Carl Shanahan's work consists of pottery such as pitchers, teapots, vases and bowls which he skillfully transforms into visually interesting pieces of art. The earth-toned vessels are uniquely shaped and wear textures that beg to be touched. Each piece seems so intricate that his technique is not apparent. He is a very mindful artist who takes great care in creating each and every distinctive piece.

For this show, Sean Shanahan shot mostly in black and white using a low-tech plastic film camera called a Holga. The effect of the Holga is a photo that is sharp in the center with soft and fuzzy darker edges. The result is photos that look like they came from your great-grandmother's album.

Sean Shanahan stated that he chose subjects based upon how they looked on the Holga specifically. He shot in locations like Mexico, Cambodia and Thailand and captured architecture and landscapes as well as portraits that show the culture and beauty of the location. "Tuc-Tuc driver," a photo taken in Bangkok, captures the smiling eyes of a Thai man as he picks up his passenger. "Jeweler - Old Russian Market" focuses on the weathered hands of an artisan in Cambodia.

He also chose to include some recently-developed portraits of American soldiers. Breaking away from the rest of the show, these sharply focused photos are up-close and personal. They showcase Sean Shanahan's talent for capturing a revealing expression, giving the viewer a small glimpse of who the subject is, what they care about or how they feel.

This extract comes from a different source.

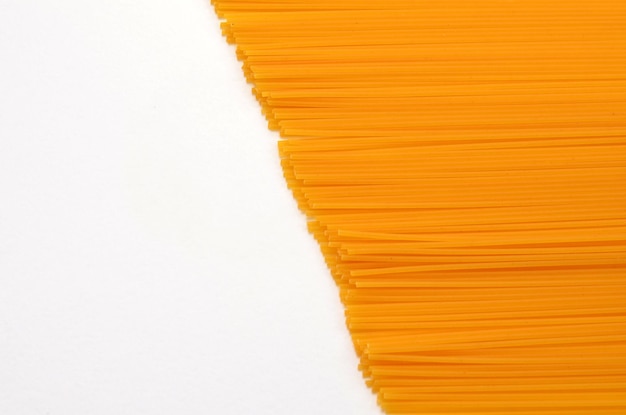 Uncooked spaghetti on white background copy space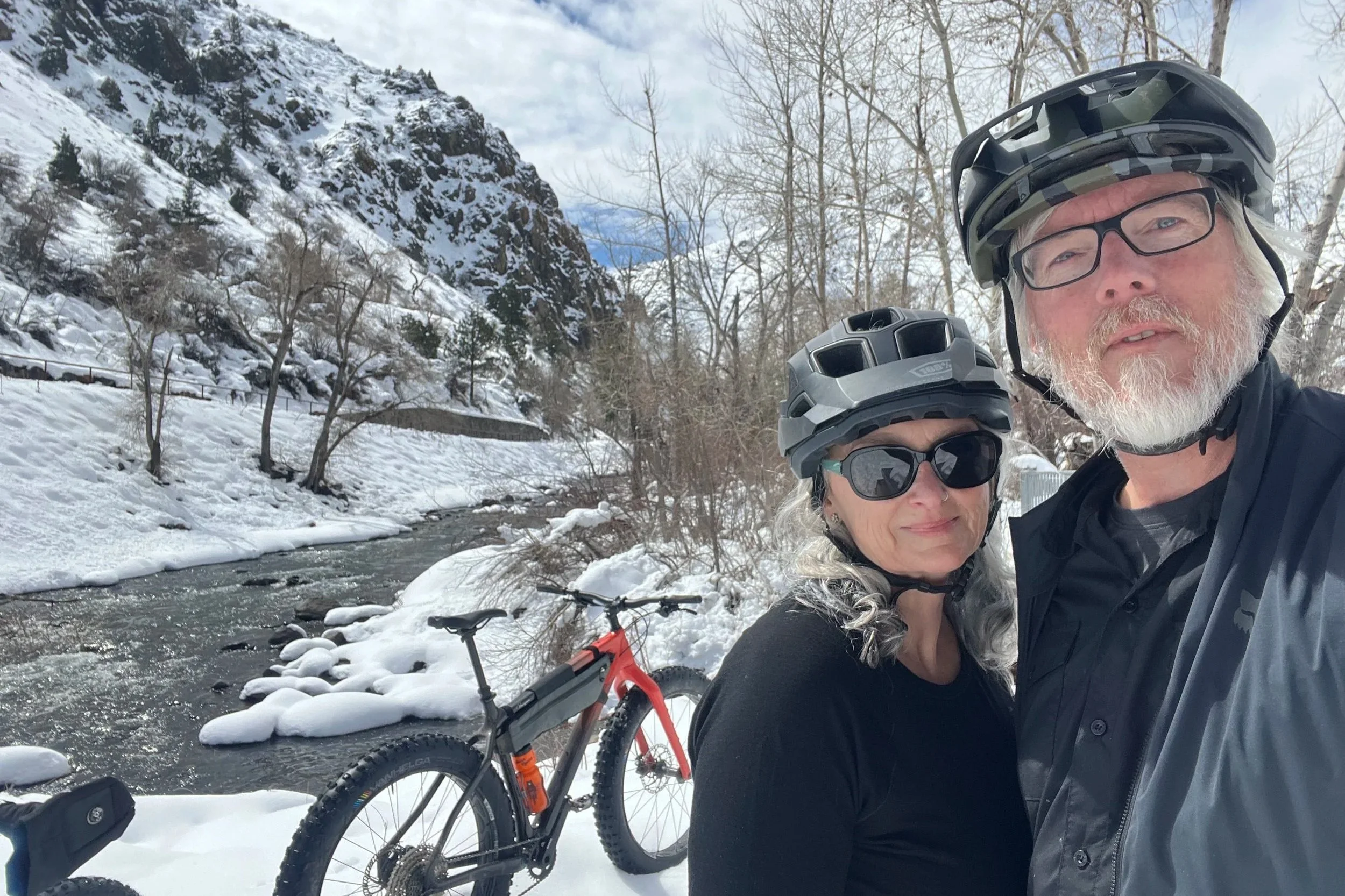 Kevin and Michelle fatbiking in Golden along Clear Creek with the creek and snowy banks in the background.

Both artists' contributions make this show one that is not to be missed. Photography and pottery are rarely coupled in the same gallery. However, Sean Shanahan's talent for knowing how light will affect a photograph and Carl Shanahan's intimate appreciation for shape and form make the title of the show quite fitting. This show is also unique as the artists have a close relationship with our university and community.

"Light and Form" is showing through May 10 and is free and open to the public.